実際に研究を始めてみると、性欲は三大欲求のひとつとされているのに、性風俗は一種の娯楽、エンターテインメントとして捉えられることがほとんどでした。私はもっと別の捉え方ができるのではないかと考えたんです。
大川 エンタメ以外のサービスというのは、どういうことですか。
坂爪 たとえば性教育の場を提供したり、性の問題で困っている方の相談窓口を作ったりすることです。特に障がいを持った方、性に関して困っている方への支援が日本にはほとんど存在しませんでした。自分の研究結果を世の中へ還元したいという思いもあり、自分で事業を始めることにしたんです。
大川 これまで世の中になかったものを始めるのは大変だったと思います。

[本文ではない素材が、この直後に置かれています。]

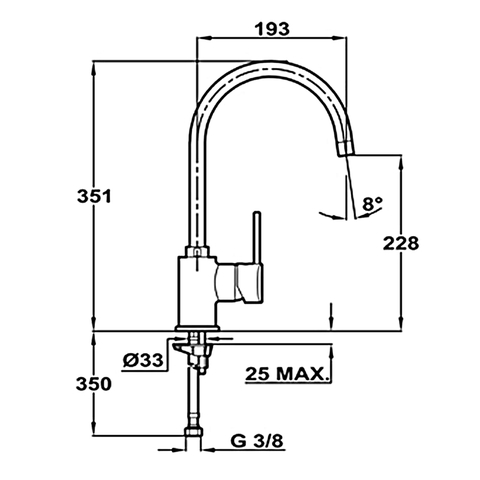 Vòi Rửa TEKA - ARES 239150210 - Nước nóng, lạnh, Thép không gỉ AISI 314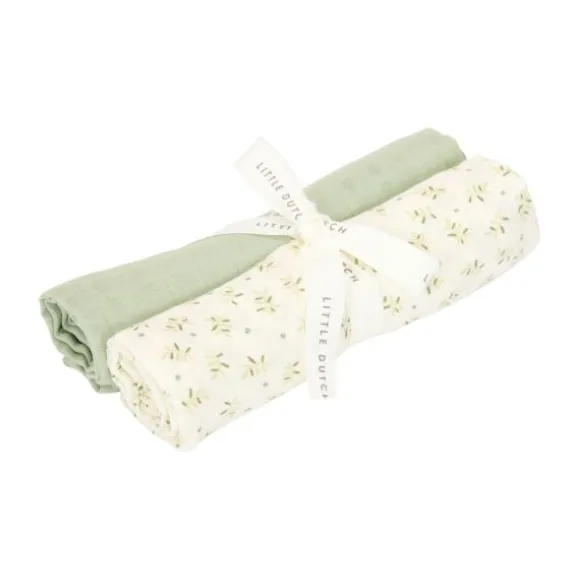 Little Dutch Swaddle Doeken Hydrofiel Blueberry Leaves & Sage 70 x 70 cm (Set van 2)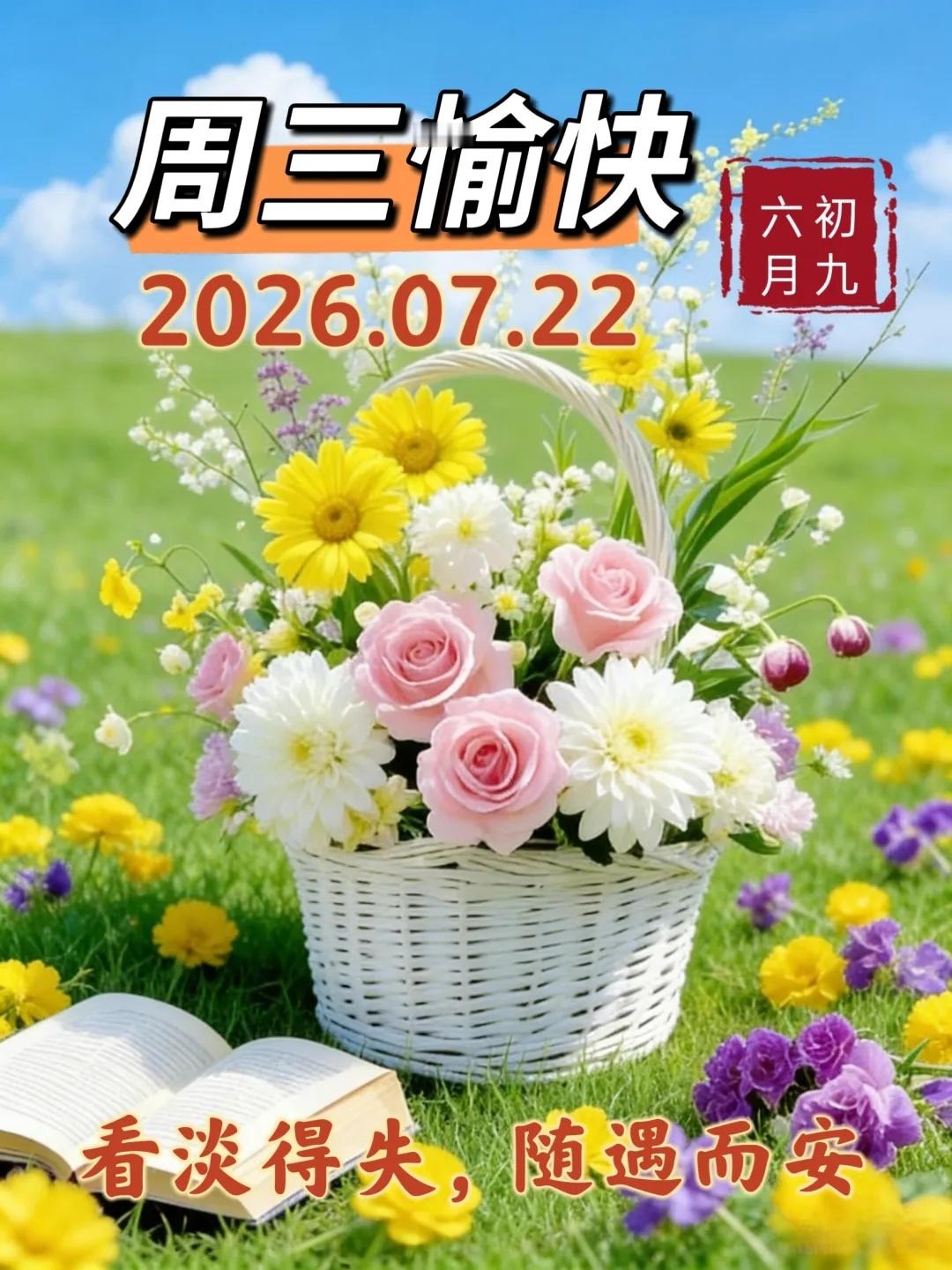 💐崭新周三送上暖心问候：周三清晨清风拂面，酷暑时节善待自己；闲暇拣拾几分乐趣，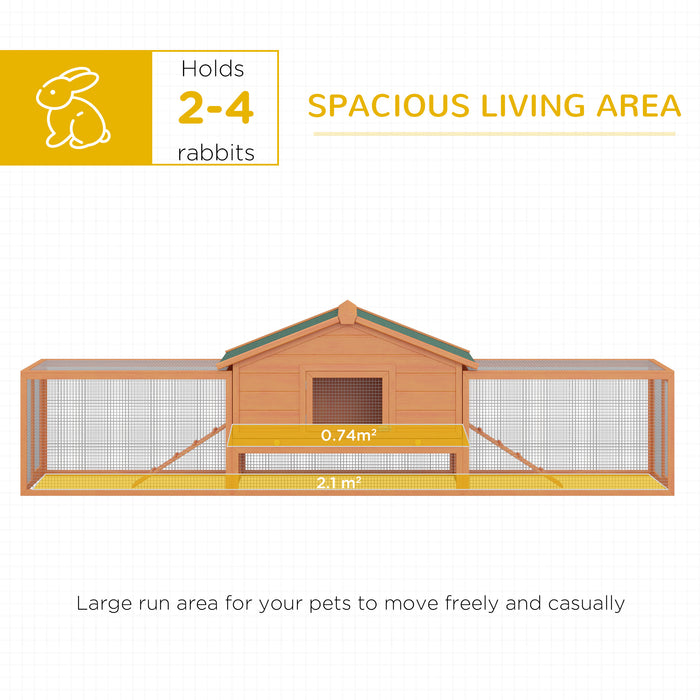 Outdoor Wooden Rabbit Hutch with Run - Large Guinea Pig Habitat House, Bunny and Ferret Cage, Spacious 309x79x86cm - Ideal for Pet Safety and Comfort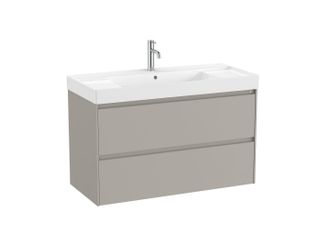 Roca Roca - Pack Unik Mueble Base De 2 Cajones + Lavabo Ona Color: Gris Arenado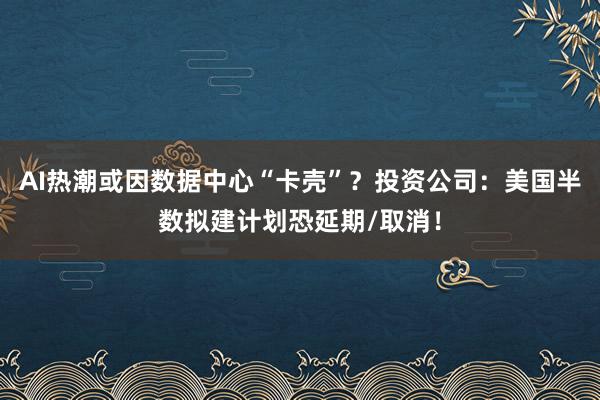 AI热潮或因数据中心“卡壳”？投资公司：美国半数拟建计划恐延期/取消！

射精介助サービスは従来の枠組みでは「風俗店扱い」になるそうですが、坂爪さんが書かれた書籍を読む限り「風俗店に行く」という感じではありませんよね。利用者さんも介護する側の女性も、ある種の介護サービスとして捉えている印象を受けました。
坂爪 おっしゃるとおりです。ホワイトハンズの利用者さんには、脳性麻痺の方も多くいらっしゃいます。そういった方はケアを受けることに慣れているので、食事や入浴などと同じ文脈で性の介護も受けています。
大川 それを風俗業としてくくるのは適当なのでしょうか。もっと別の枠で公的支援を受けられてもいい気がします。